Marie Moneysmith. Wrote the Weekly’s first cover story on female standup comics. As a freelance writer, she specializes in alternative health, and also writes advertising copy for movies. Did six years of freelancing for People magazine in Los Angeles.


Gloria Ohland. Started at the Weekly in 1980, going from copy editor to news editor to senior editor, writing the style column as well as features. She also started the Local Heroes column. Left the Weekly in 1996 to work for nonprofit Surface Transportation Policy Project, the nation’s leading transportation-policy reform organization. In 2000, she became senior editor at Reconnecting America, an urban-policy think tank. She co-edited the book The New Transit Town: Best Practices in Transit-Oriented Development, which is coming out this month. She’s married to Weekly art director John Curry, who himself returned to the Weekly after a long absence. And yes, Curry, like so many others is also noted for his local band, the Fly Boys.


Tony Palazzo. Started as an intern in late ’80s; became staff proofreader and writer until about 1991, covering immigrant issues, including a trip to Nicaragua to cover elections there. Went to Columbia School of Journalism. Later reported for The Record in New Jersey, and freelanced for The Village Voice and spent seven years at Dow Jones, among other stops. He is currently the assistant managing editor at the Los Angeles Business Journal. Met his wife at the Weekly. She also worked in proofreading.
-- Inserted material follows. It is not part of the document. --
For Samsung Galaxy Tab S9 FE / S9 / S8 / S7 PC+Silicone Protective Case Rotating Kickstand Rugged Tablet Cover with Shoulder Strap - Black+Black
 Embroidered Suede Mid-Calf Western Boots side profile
Carolyn Reuben. Health columnist, 1981 to 1991. Columns included a two-parter on the birth of her daughter. That same child was just voted Homecoming Queen at Mira Loma High School in Sacramento and is student-body V.P. “I am proud of the fact so many articles were published ahead of the subjects’ exposure in the ‘other’ press,” she said, “subjects like indoor pollution, the nutritional connection to back pain and to postpartum depression — which has actually not been revealed in the conventional press.” Reuben, an acupuncturist, is president of Community Addiction Recovery Center and also owns the Allergy Elimination Clinic. Books include Essential Supplements for Women (1987) and Cleansing the Body, Mind and Spirit (1998). She’s currently developing a drug-treatment program that uses animo acids, nutrition education, food, acupuncture, “Emotional Freedom Technique,” yoga, qi gong and “prioritizing training.” She says, “The best high is seeing people turn their lives around and feel well in the process.”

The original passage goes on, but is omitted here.